And we’re back with more updates on the dining room! So far we’ve shared how we built our huge square custom farm table to fit the share of the room perfectly (at least perfectly for us!), and now we’re tackling the harder job – removing the old picture frame wainscoting from the walls.
Whyyyy did we decide to do this? I know that picture frame moulding is actually starting to make a comeback, especially in a more custom and fun way, but the wainscoting that we had in our home was unfortunately un-savable after a few updates we had done.
First update was the trim work. In order to put in all of the new door casings we had to cut back the chair rail and unfortunately we didn’t measure correctly, so they didn’t line up correctly and there was a huge gap.
The second update was the flooring – previously in this room there was carpet and basic baseboards. When we had our hardwoods installed, we removed both and opted to reinstall 1×5 boards as our baseboard throughout the whole house, meaning the top of the new baseboard was going to be higher and the picture frame moulding would no longer be centered between the baseboard and the chair rail.
Turns out, I am a bit neurotic on anything that’s not symmetrical, so it had to go.
The main goal during demo was to do the least damage as possible to the walls. We carefully scored all of the trim work with a knife, and then used a small pry bar and hammer, working all the way down each piece to gently remove it.
Tools we used for this project are:
Disclosure: Some of the links below are affiliate links, meaning at no cost to you, if you click through and purchase I earn a small commission to help keep this blog up and running.
- Utility Knife (please be careful when using blades and only tackle this if you’re comfortable with using them!)

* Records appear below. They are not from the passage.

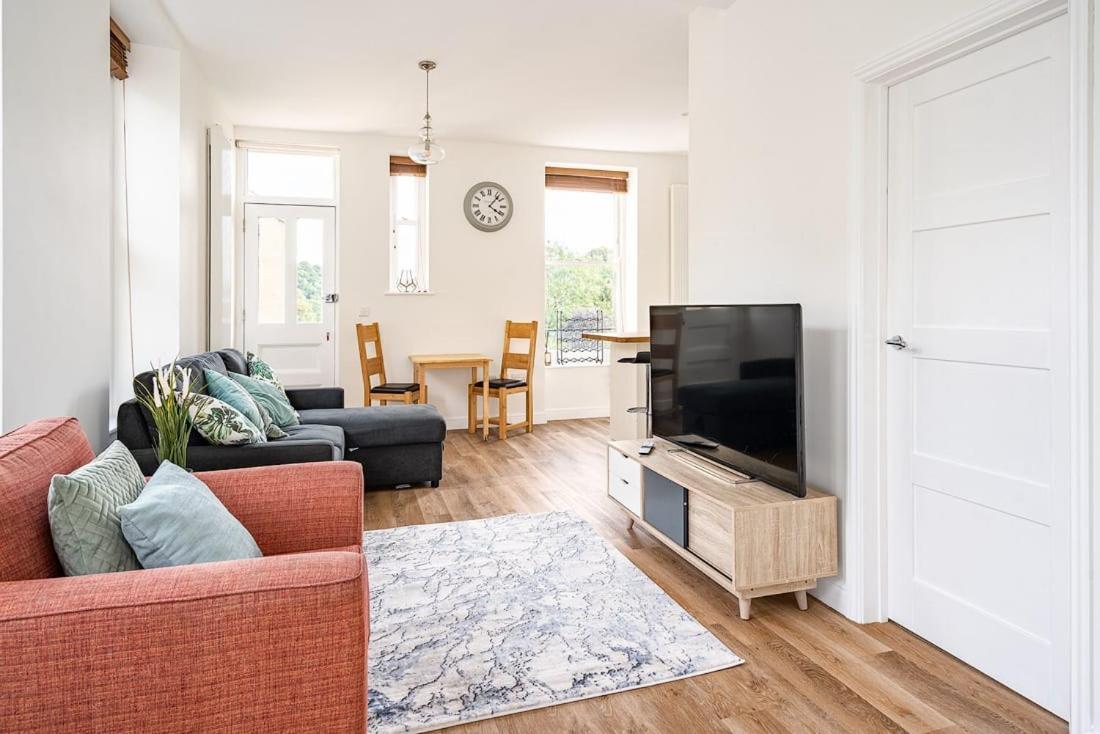 Spacious 2 Bedroom House With Stunning Views Bath Exterior photo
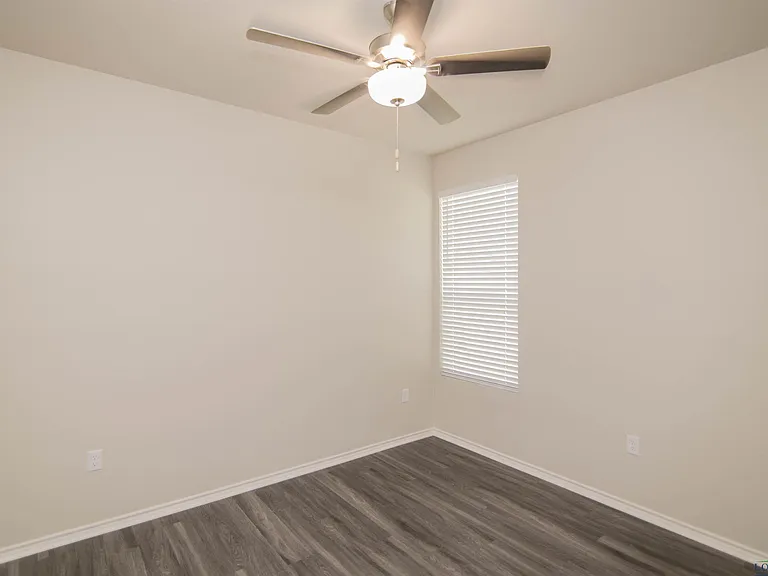 1427 Monterey Dr — Photo 6
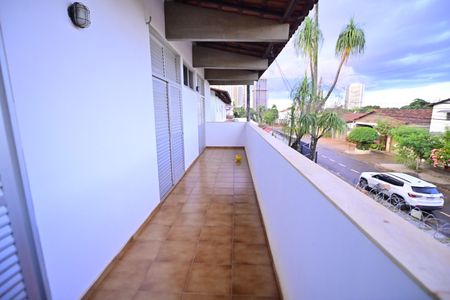 Casa para alugar com 400m², 5 quartos e 4 vagasVaranda do Quarto 2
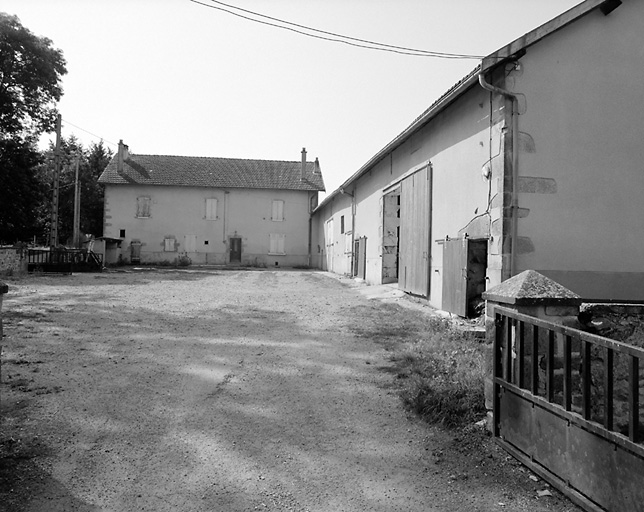 Ferme des Chabannes. Vue d'ensemble.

- Pry Bar (small and medium sizes depending on the size of trim!)
- Mini Razor Scrapper (Same blade speech as above)
- Joint Compound
- Putty Knife
- Sanding Blocks
The next part is the easiest, but most challenging part at the same time.
There’s a lot of scraping and sanding of the walls to get any extra paint build up or caulk removed, and then layers and layers of mudding. We used both drywall mud and a large pail of spackle to try out both products, and if you have the time to wait for it to fully dry, I’d recommend the drywall mud.
It took at least two coats, in some places three, and LOTS of sanding. Bonus is that you can skip arm day that week because HOLY moly. You’ll feel it. Or maybe I’m just that out of shape, but either way it’s quite a job 🙂
Once everything was sanded down, we decided to put a simple 1×4 chair rail back up before painting everything to give the room at least a little character but blend with the new simpler trim and casings throughout the house.
The color we chose for this room was White Dove by Benjamin Moore and we offset all of the white by adding a pop of color on the ceiling. I had leftover paint from the half bath project, so we used that (Cement Gray by BM) to add a little dimension.
Next up was the fun part! Shopping! I fell in love with this rug from Rugs USA, and picked it up in the 8×8 square size.
Even before we had finished all of the trim work (which I sectioned off into multiple days (aka weeks) because it was a lot of work while taking care of a newborn and getting approximately 2.5 hours of sleep a night) we got some glimpses of how everything was coming together! I LOVE the results of it being gone, but the procrastination game was strong with this one.
Next up was curtains, if you’re still following along with this back and forth post 🙂 I knew I wanted a tan curtain with a little heavier weave for some texture, and brought home every option I could find at Homegoods.
In the end, the winner was the middle! I liked how it brought some warmth into the room and picked up some of the beige tones in the rug.
Progress! In the end, removing the old picture wainscoting was a pretty big project to do it right and as a DIY, but was totally doable with a little patience and a lot of arm sanding workouts sessions. Every time we sanded we’d take a step back, fill any holes or unevenness we could see, and kept the process going until the wall was smooth. It’s definitely trial and error, but with a little patience you’ll never even know there was trim there once!